### Exercise brief
Images do not belong in the copy. Retype all the entries below exactly.

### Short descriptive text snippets
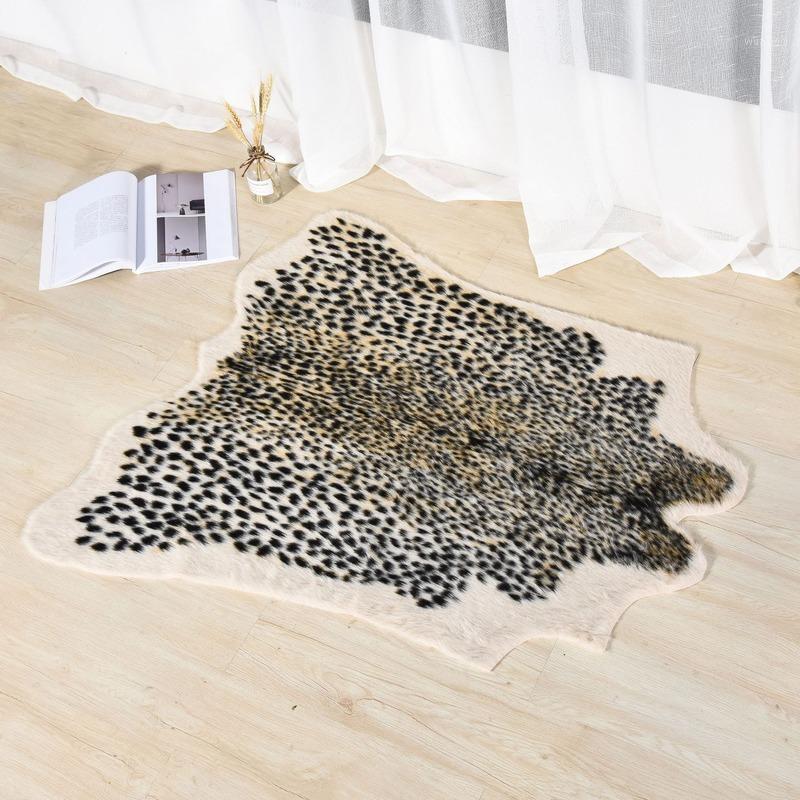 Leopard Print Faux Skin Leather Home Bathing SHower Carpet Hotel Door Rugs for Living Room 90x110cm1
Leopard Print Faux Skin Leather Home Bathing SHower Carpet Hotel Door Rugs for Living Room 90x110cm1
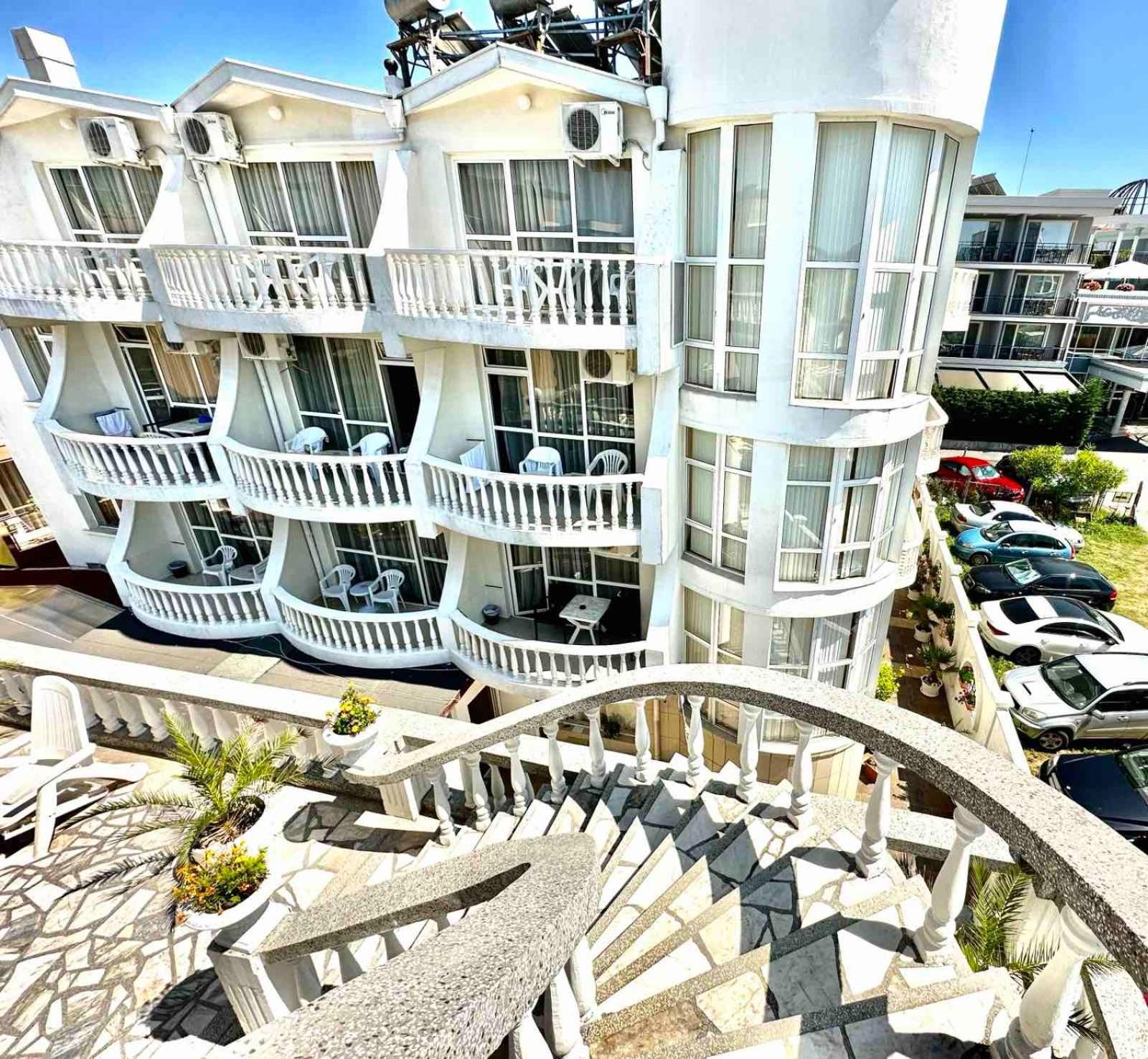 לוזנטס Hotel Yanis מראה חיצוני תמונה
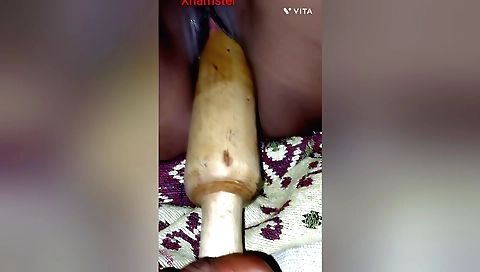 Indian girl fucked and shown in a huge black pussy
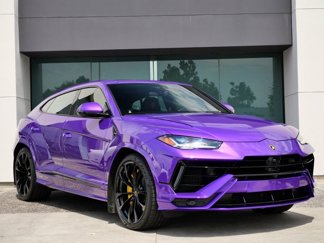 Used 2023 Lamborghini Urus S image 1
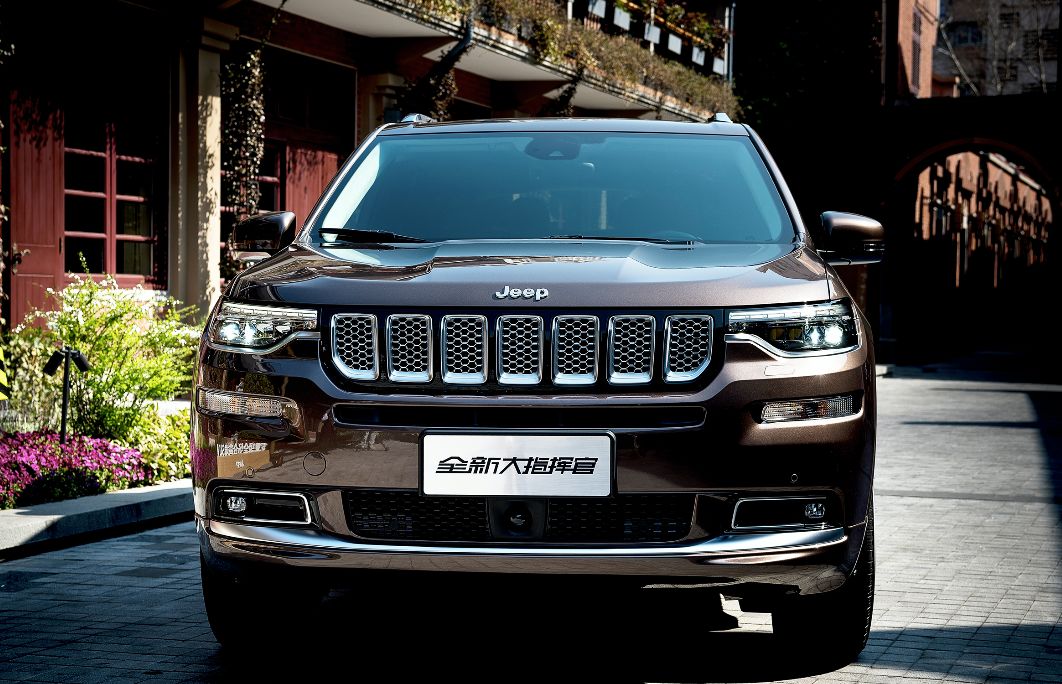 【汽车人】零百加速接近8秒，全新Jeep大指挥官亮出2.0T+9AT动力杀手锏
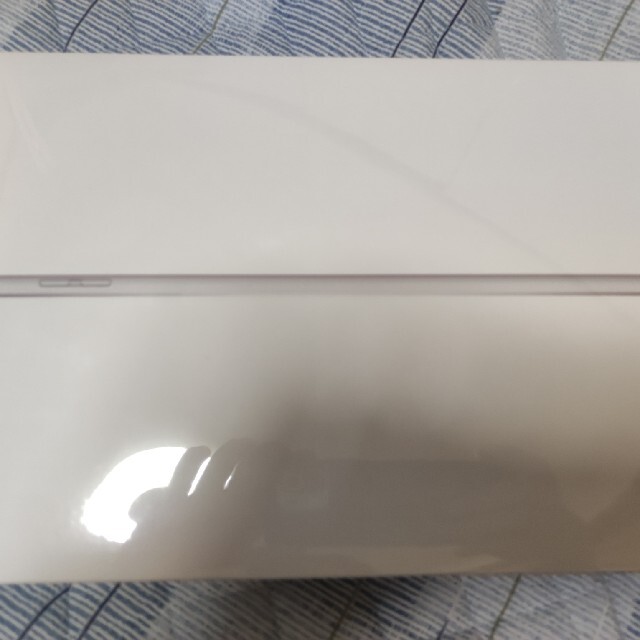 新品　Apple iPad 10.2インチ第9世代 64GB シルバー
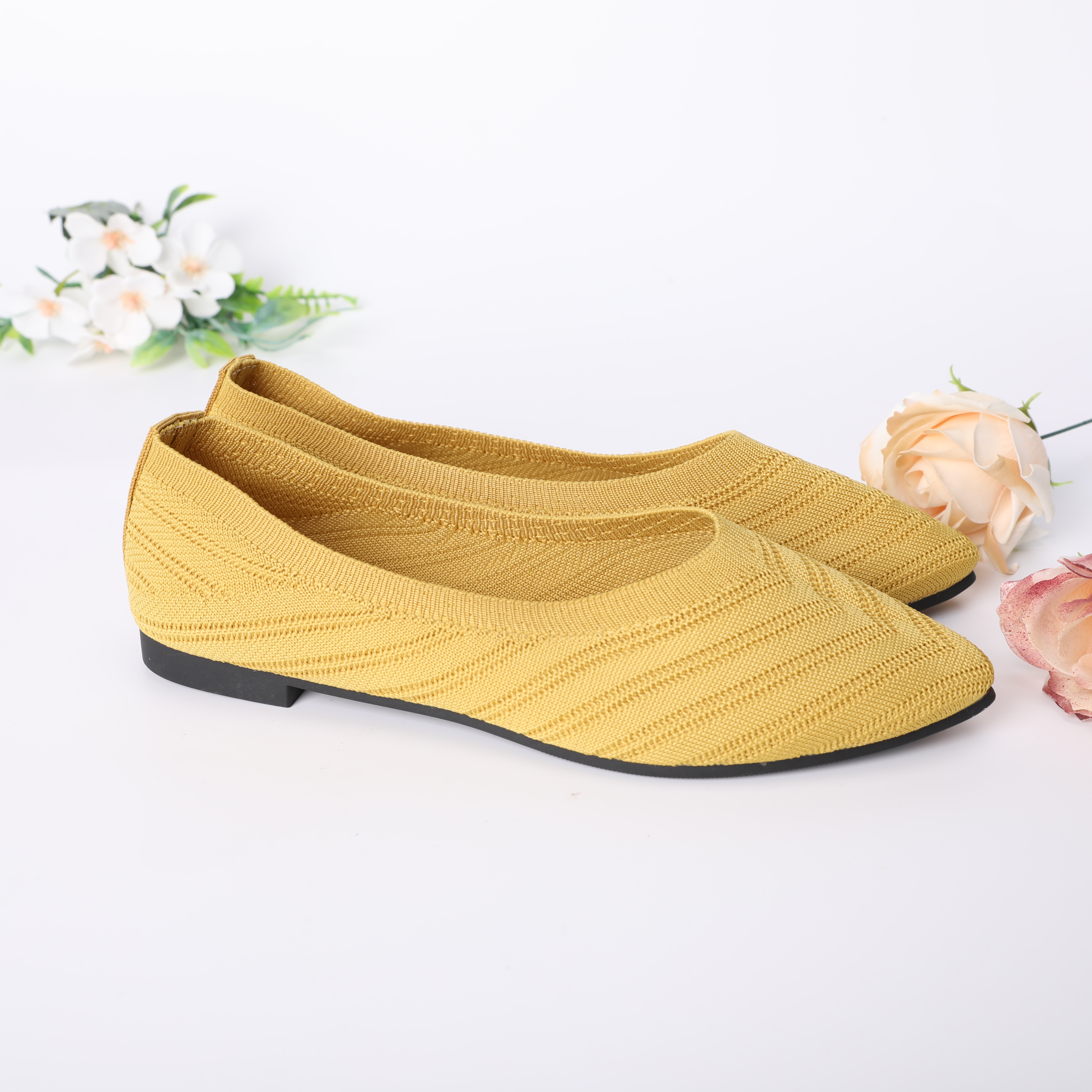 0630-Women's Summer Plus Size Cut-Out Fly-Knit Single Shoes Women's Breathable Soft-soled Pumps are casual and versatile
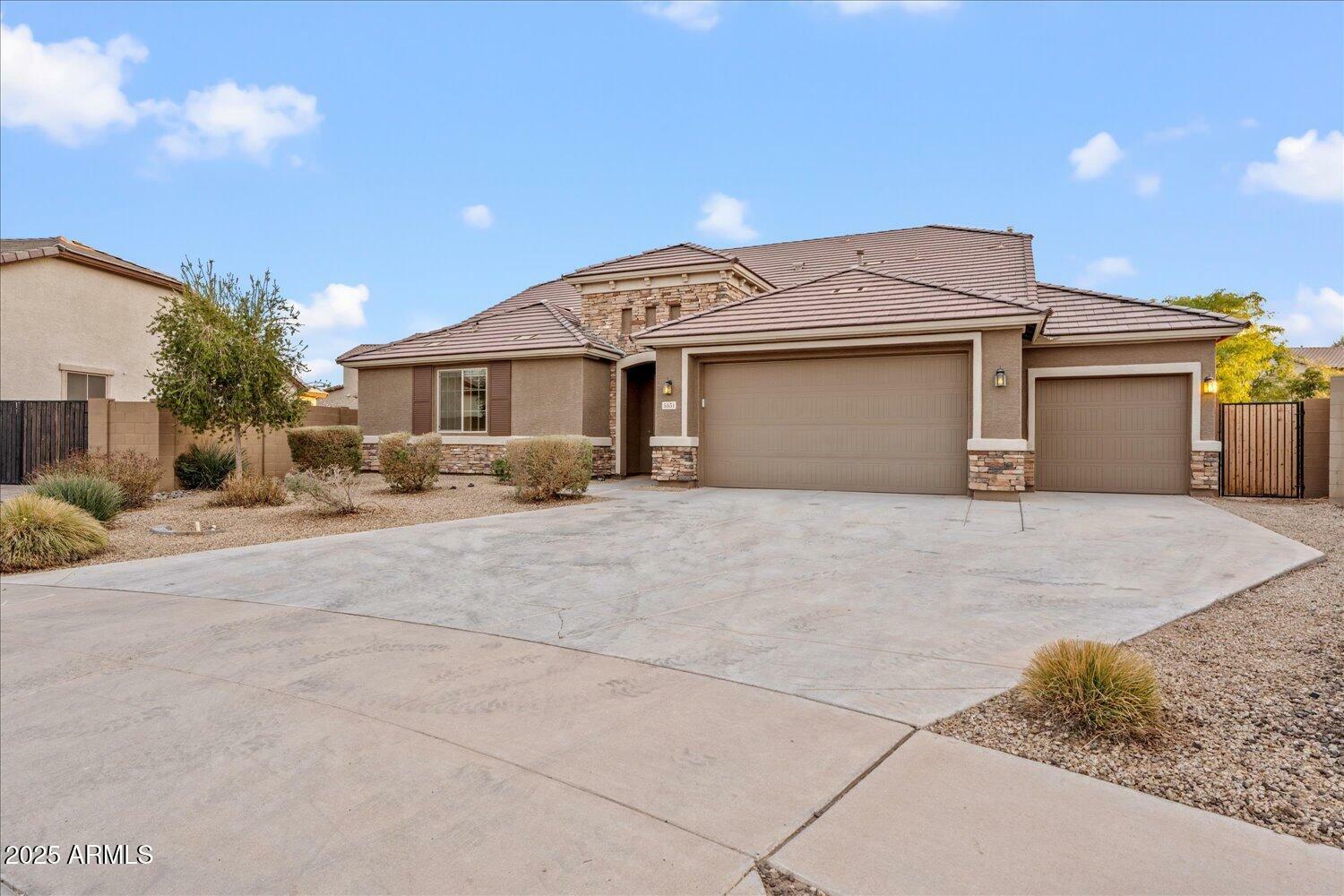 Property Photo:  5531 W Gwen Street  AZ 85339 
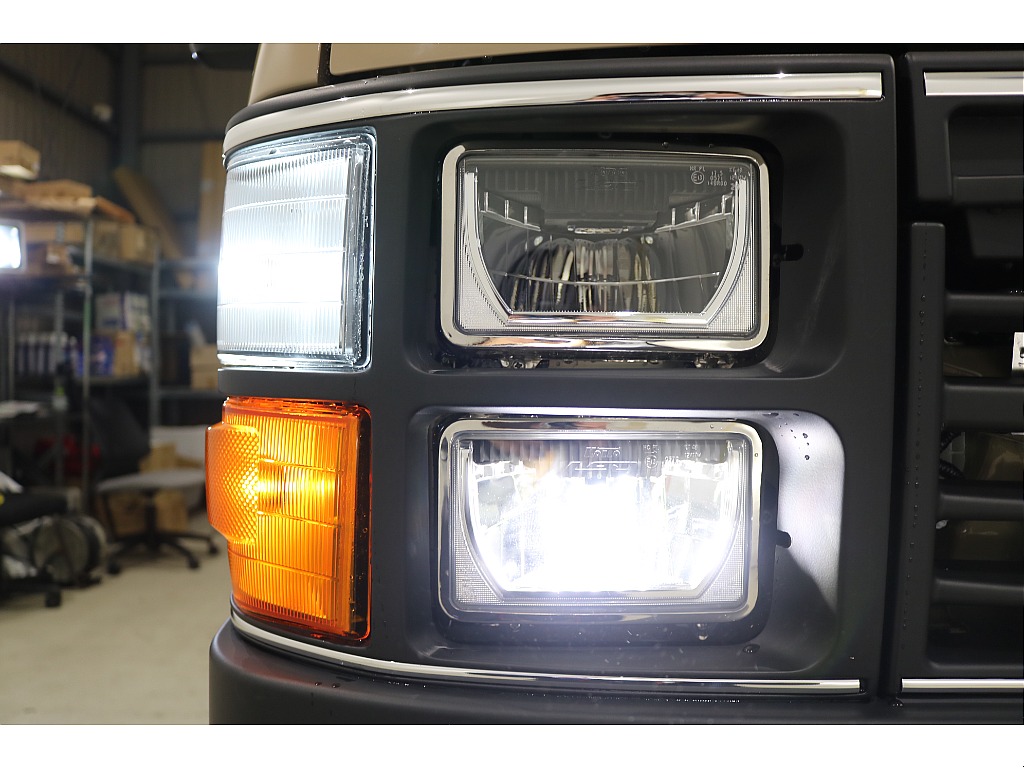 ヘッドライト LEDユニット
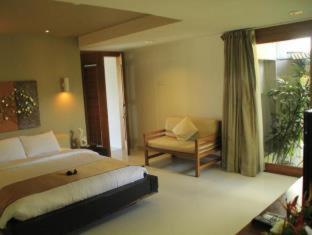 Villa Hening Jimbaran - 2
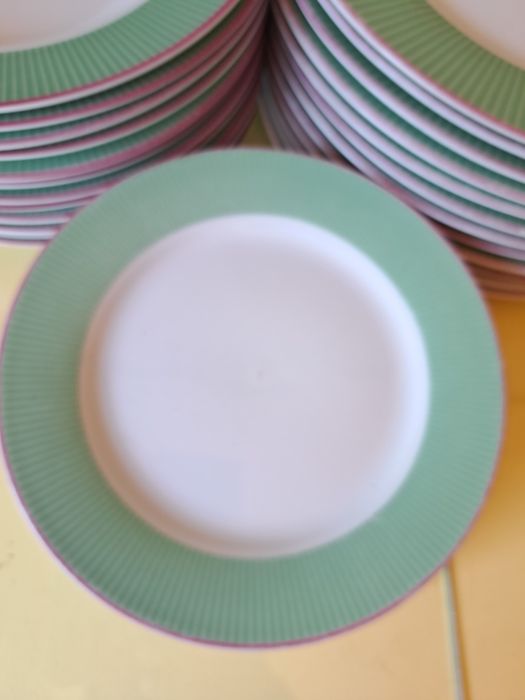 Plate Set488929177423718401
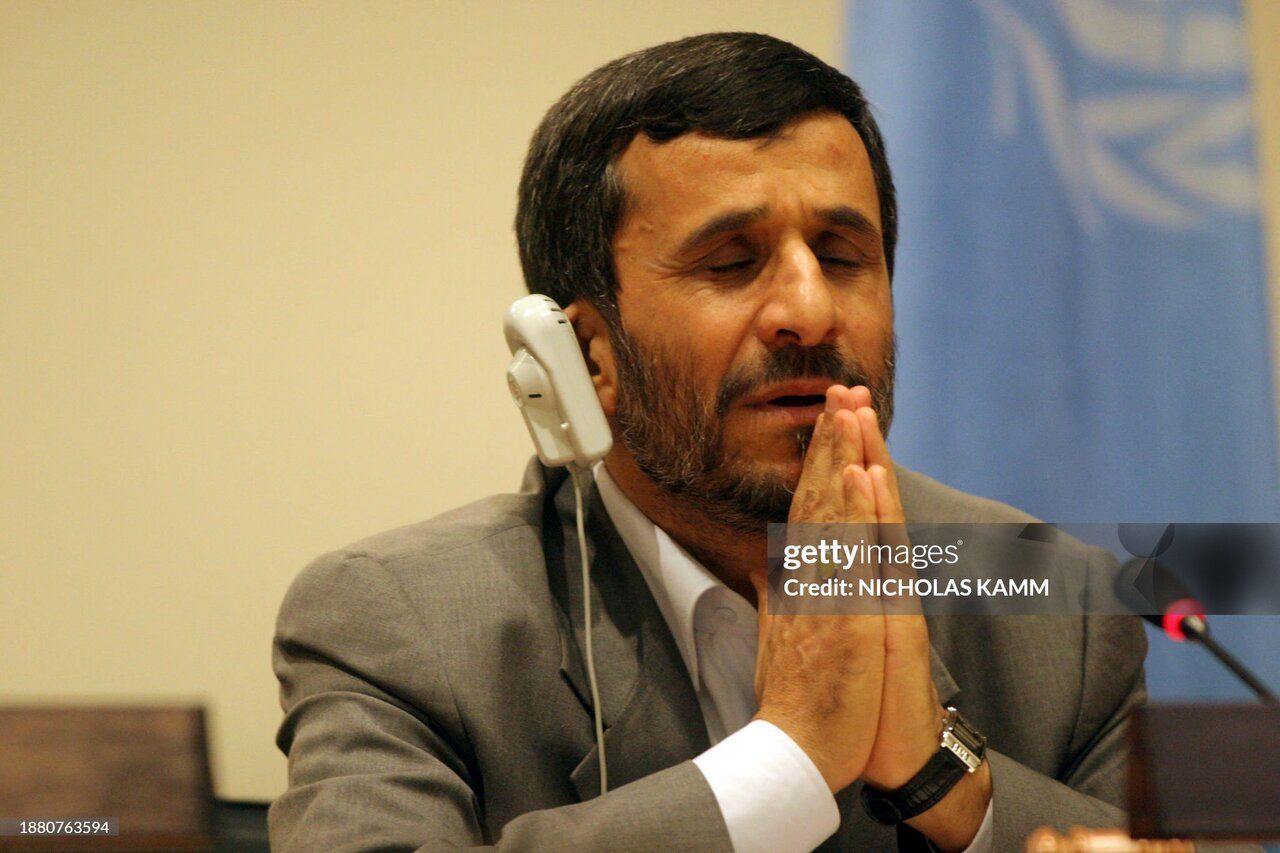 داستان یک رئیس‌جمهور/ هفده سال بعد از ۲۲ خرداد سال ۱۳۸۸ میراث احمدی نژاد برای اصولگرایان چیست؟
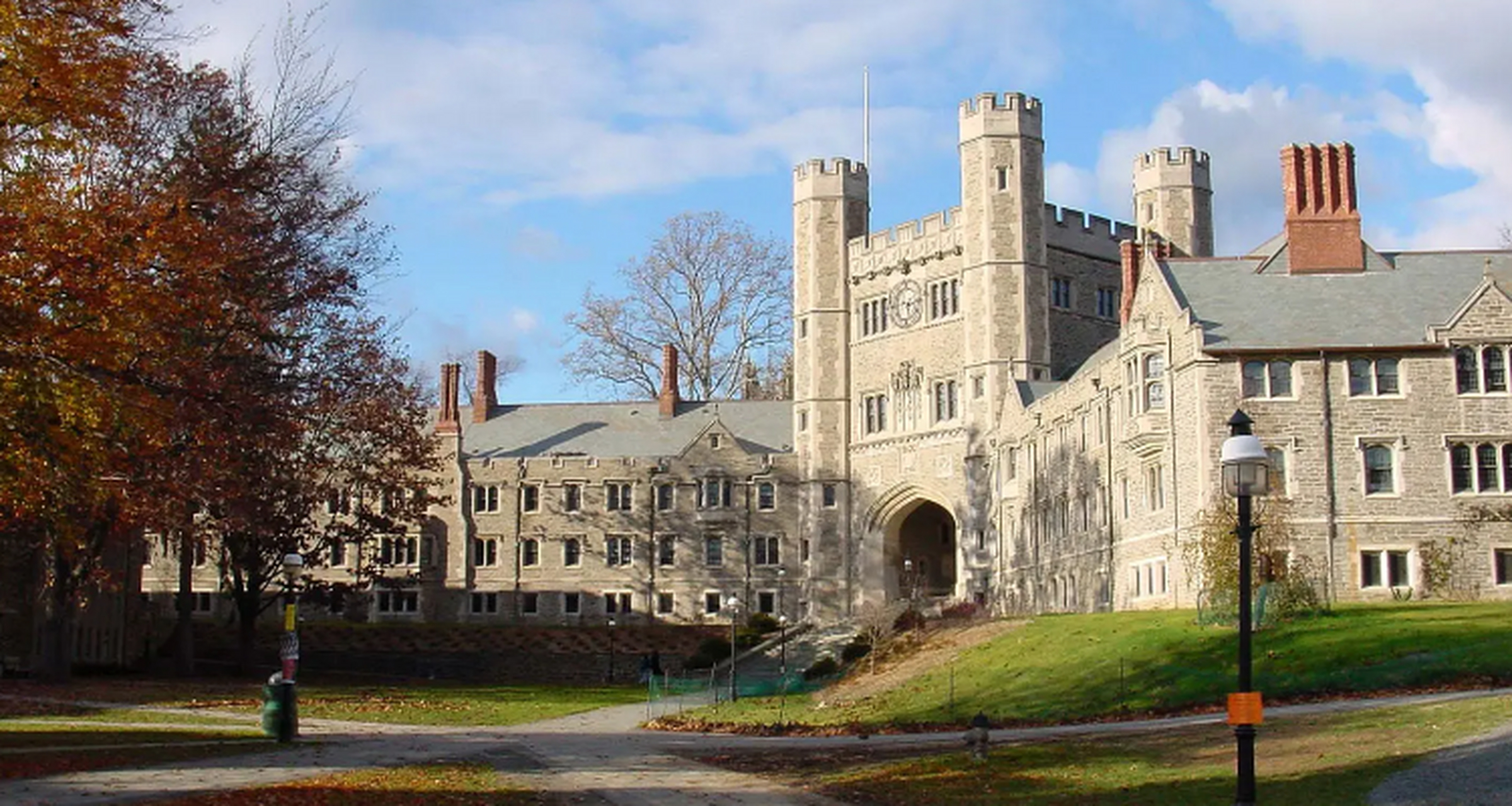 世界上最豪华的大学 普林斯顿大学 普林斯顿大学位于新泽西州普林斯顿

### Worked solution
 Leopard Print Faux Skin Leather Home Bathing SHower Carpet Hotel Door Rugs for Living Room 90x110cm1
Leopard Print Faux Skin Leather Home Bathing SHower Carpet Hotel Door Rugs for Living Room 90x110cm1
 לוזנטס Hotel Yanis מראה חיצוני תמונה
 Indian girl fucked and shown in a huge black pussy
 Used 2023 Lamborghini Urus S image 1
 【汽车人】零百加速接近8秒，全新Jeep大指挥官亮出2.0T+9AT动力杀手锏
 新品　Apple iPad 10.2インチ第9世代 64GB シルバー
 0630-Women's Summer Plus Size Cut-Out Fly-Knit Single Shoes Women's Breathable Soft-soled Pumps are casual and versatile
 Property Photo:  5531 W Gwen Street  AZ 85339 
 ヘッドライト LEDユニット
 Villa Hening Jimbaran - 2
 Plate Set488929177423718401
 داستان یک رئیس‌جمهور/ هفده سال بعد از ۲۲ خرداد سال ۱۳۸۸ میراث احمدی نژاد برای اصولگرایان چیست؟
 世界上最豪华的大学 普林斯顿大学 普林斯顿大学位于新泽西州普林斯顿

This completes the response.